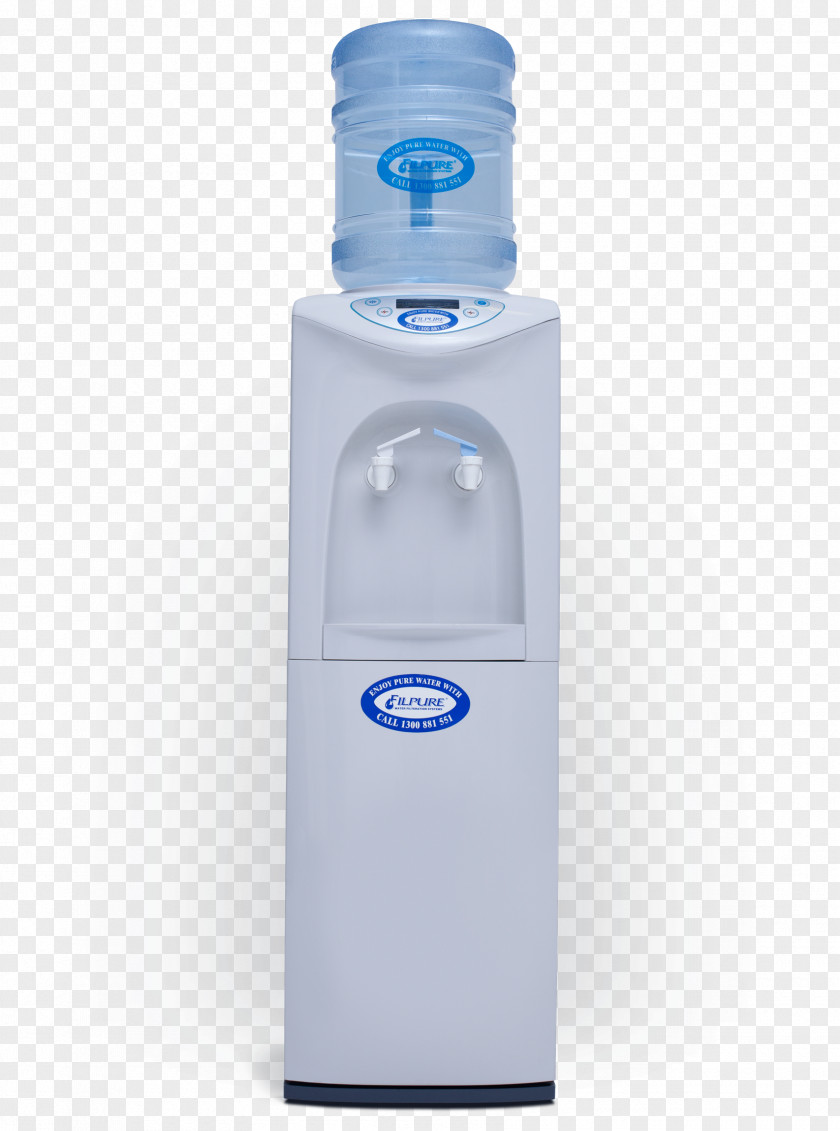 Water Bottles Cooler PNG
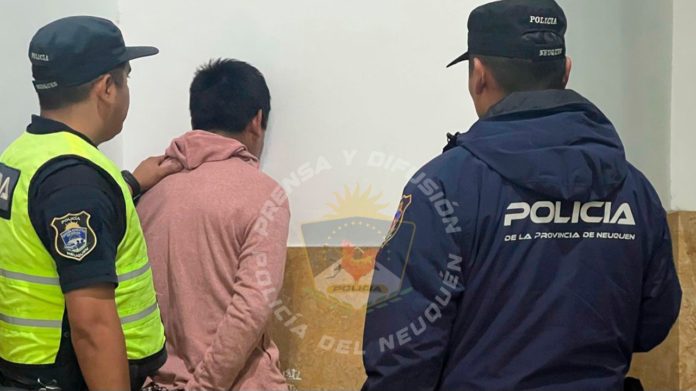 Detenido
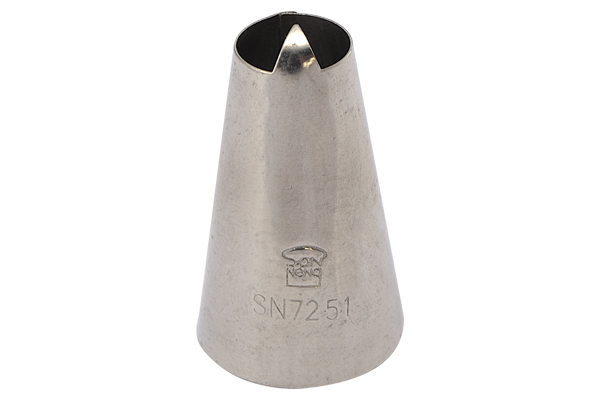 SN7251 Наконечник на кондитерский мешок 25х44
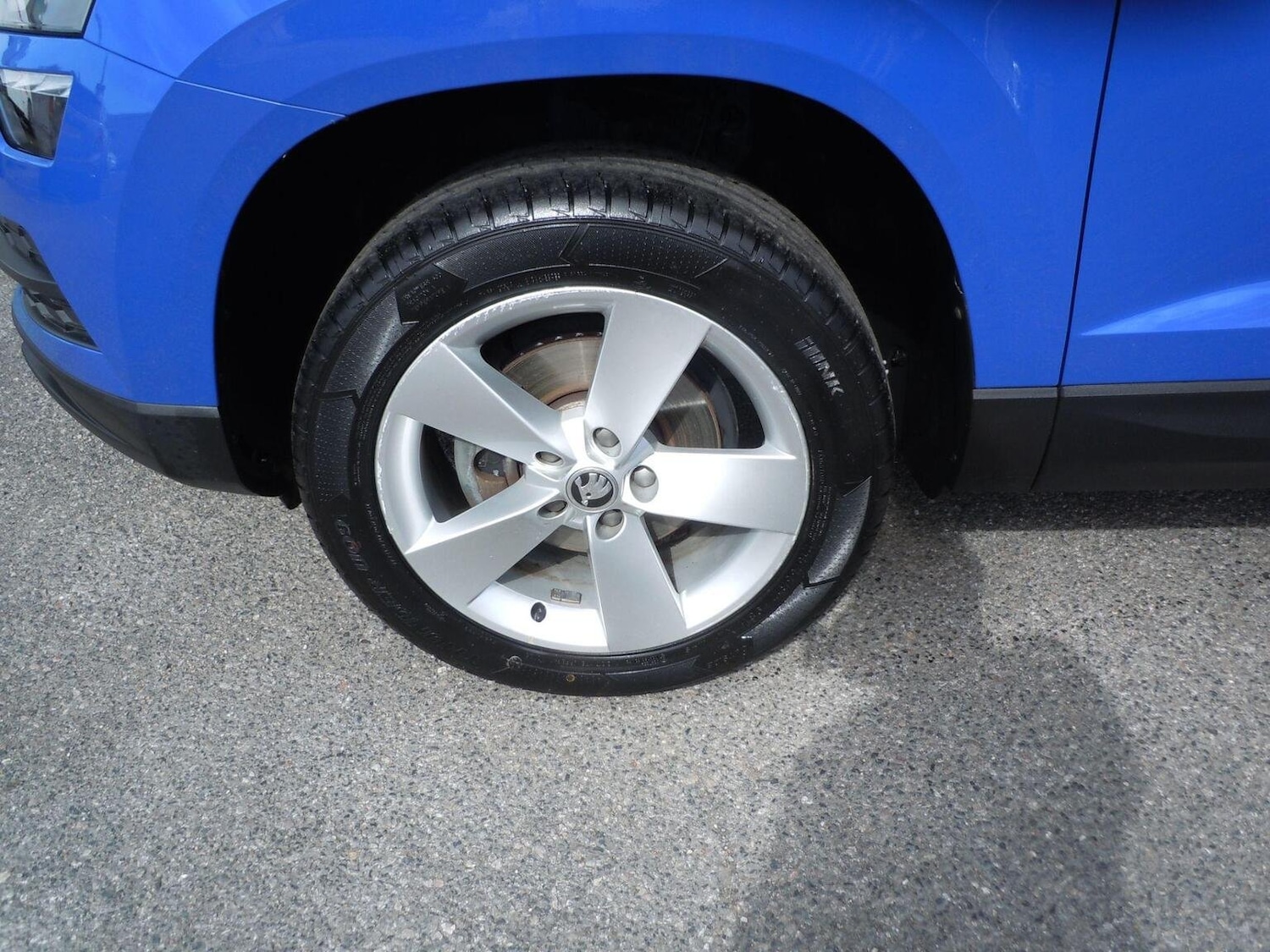 Used Skoda Karoq 2022 for sale - 76640068: Photo 16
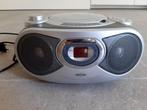 Radio met cd speler, Ophalen, Radio, Met cd-speler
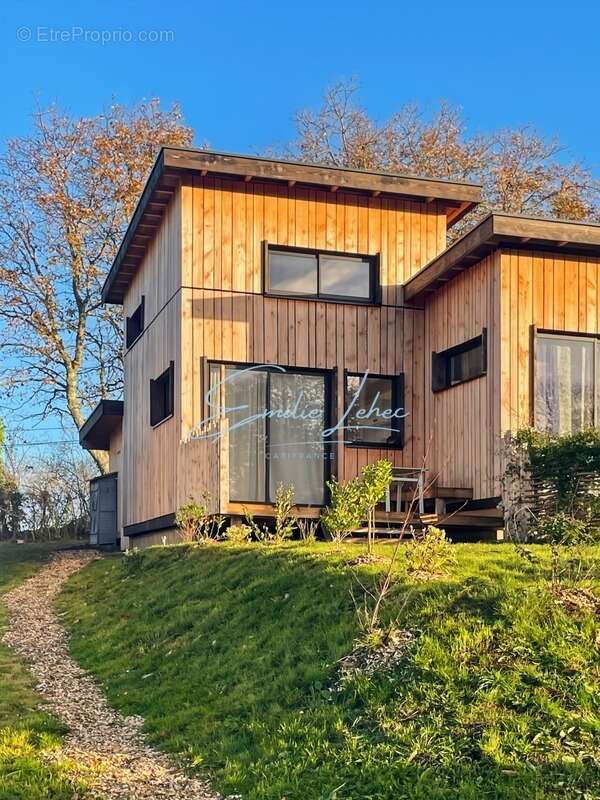 Maison ossature bois – Fort potentiel locatif et évolutif – Centre de Riec-sur-Bélon - photo 21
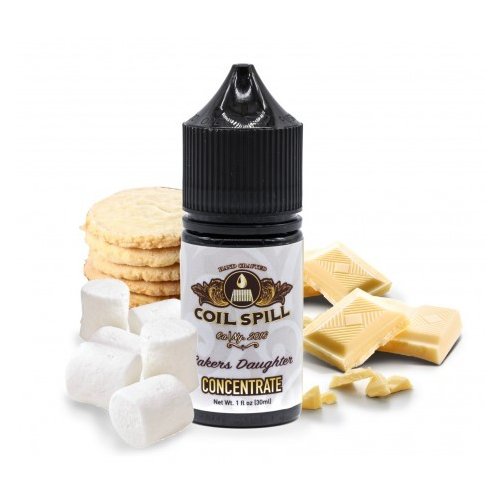 Aroma Baker's Daughter Coil Spill 30ml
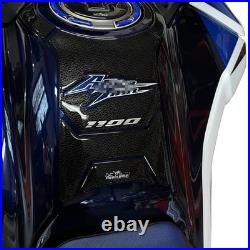 Kit Basic Autocollant Moto 3D compatibles avec Honda Africa Twin 1100 2022-2023
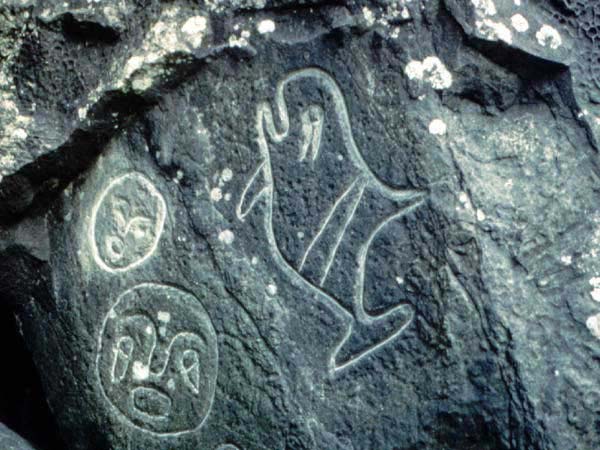 Petroglyph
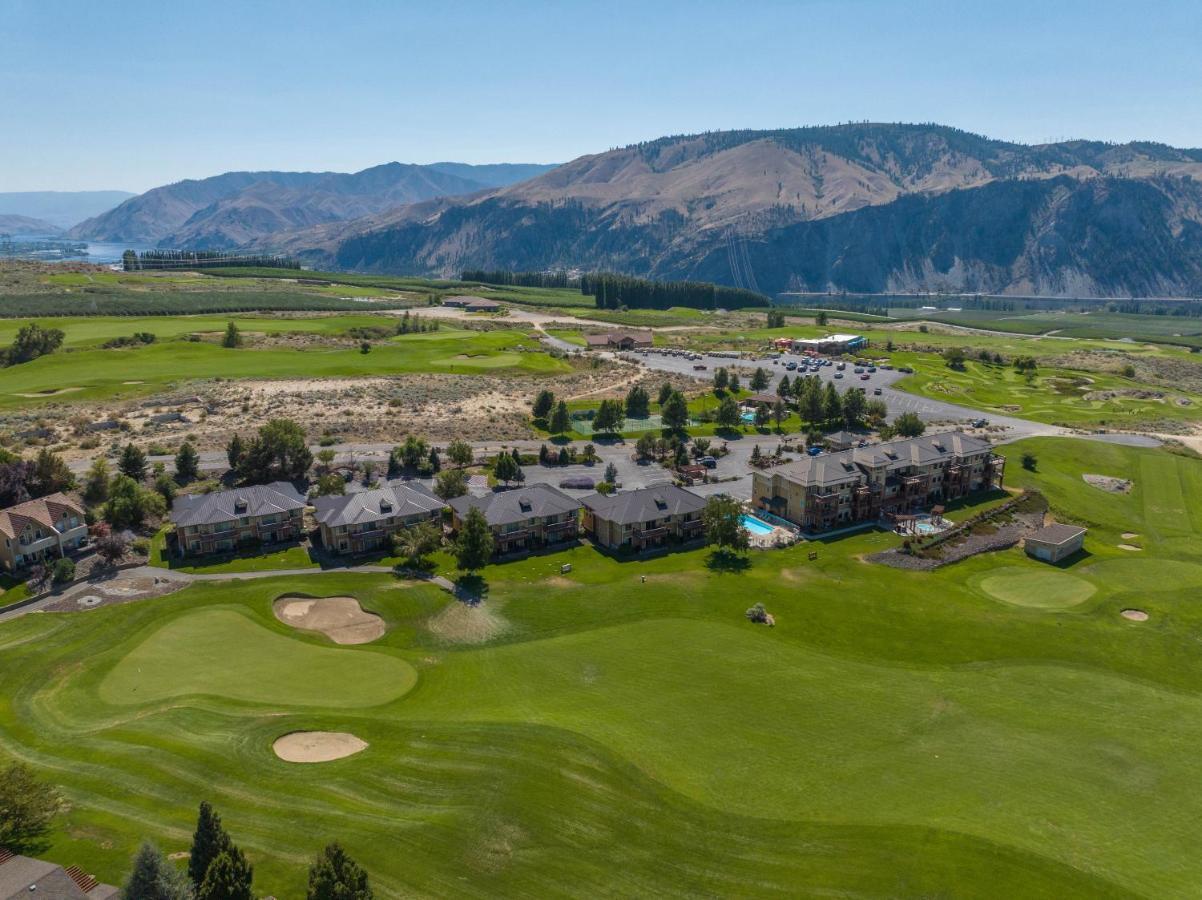 Desert Canyon Golf Resort Orondo Kültér fotó
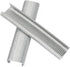 2500Pcs 8mm C-type Ring Pliers Staple Set for Animal Fence Cage, Chicken, Pig, Bird, Pet Cage M Nail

================================

== REQUIRED ACTION ==
Leave the pictures out, then output exactly the lines from the "Desert Canyon Golf Resort Orondo Kültér fotó" line through the end of the records above, and no others.

== OUTPUT OF THE TASK ==
 Desert Canyon Golf Resort Orondo Kültér fotó
 2500Pcs 8mm C-type Ring Pliers Staple Set for Animal Fence Cage, Chicken, Pig, Bird, Pet Cage M Nail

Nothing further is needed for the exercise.